Mert Fırat, Kıvanç Tatlıtuğ, Yılmaz Erdoğan ve Farah Zeynep Abdullah’ın çok iyi oynadığını ama Belçim Bilgin’in bu hikâyeye uymayan tek oyuncu olduğunu söyleyebilirim.
Film bitince şiirin mi, şairin mi yoksa aşkın mı hikâyesini izlediğime bir türlü karar veremedim, velhasıl başrolde şiir var.
İlk Türkçe tangoları seslendiren Seyyan Hanım’a da yer verilmiş ya da onun seslendirdiğitangolara. Emin değilim ama filmin balo sahnesinde şarkıları duyunca çok mutlu oldum. Bu bile güzel bir ayrıntıydı.
Yılmaz Erdoğan’ın ve filmdeki hemen hemen her ismin popülerliği filme halel getirmemiş. Böyle bir pazarlama şekli vardır, iyi oyuncular perdeye yansıyınca gişe başarısı da garantiye alınır. Açıkçası filme giderken biraz bu tedirginliği yaşadım. Ama film bitince önyargım yerle bir oldu.

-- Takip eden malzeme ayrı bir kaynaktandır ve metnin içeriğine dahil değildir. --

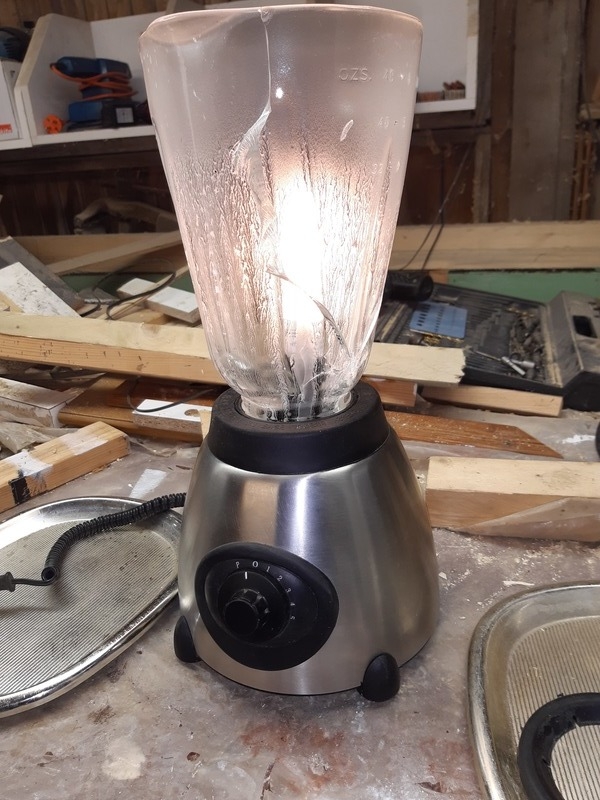 Кухонный светильник из блендера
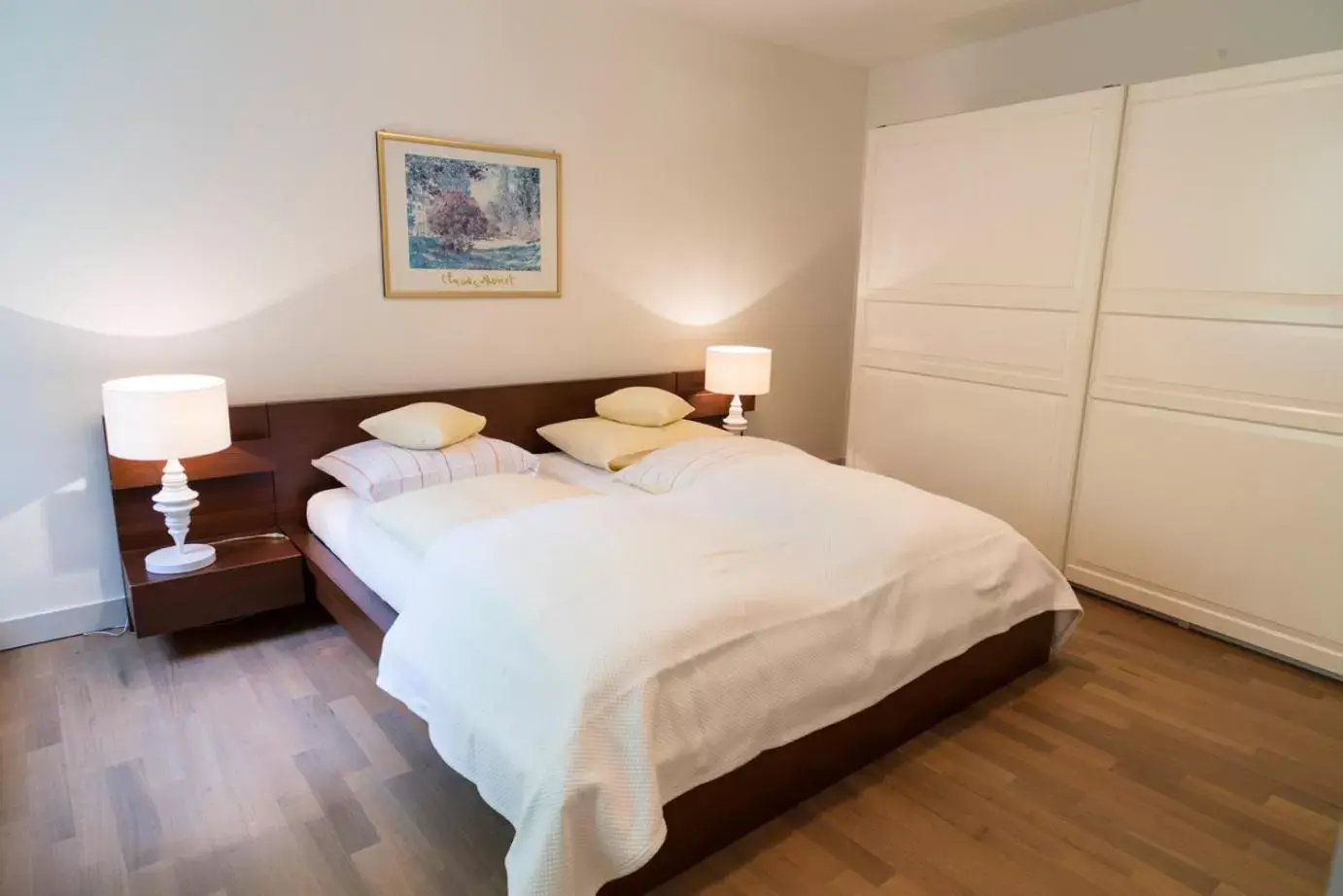 Deluxe One-Bedroom Apartment in Tertianum Parkresidenz Meilen Deluxe One-Bedroom Apartment in Tertianum Parkresidenz Meilen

Muzaffer Tayyip Uslu hakkında çok fazla bilgim olmasa da Mert Fırat’ın canlandırdığı şair Rüştü Onur ile ilk tanışmam Servet Kocakaya’nın ilk albümüyle olmuştu. Servet Kocakaya, Zor İş adlı parçasının girişinde Rüştü Onur’a ait, benim de hâlâ ezbere bildiğim tek şiiri okur:
“Ben ölsem be anacığım
Nem var ki sana kalacak
Ceketimi kasap alacak
Pardösümü bakkal
Borcuma mahsuben
Ya şiirlerim
Ya aşklarım ne olacak
Ya sen…
Ya sen nasıl bakacaksın
Ele güne karşı insan yüzüne
Hülasa anacığım
Ne ambarda darım
Ne evde karım var
Çıplak doğurdun beni
Çıplak gideceğim”
Kamera kullanımı, maden sahneleri, kostümler… Yani döneme, şiire, şaire ve aşka fon teşkil eden her şey, hayatlarının merkezine şiiri yerleştirmiş üç şairin hikâyesi eşliğinde, beyaz perdede insanın ruhunu doyuruyor. Filmden çıkınca şiir yazma aşkıyla doluyor insan. Unutmayın, “Şiir, bahanesidir hayatın.”
İzleyin, izlettirin… Sonra bana teşekkür edeceksiniz.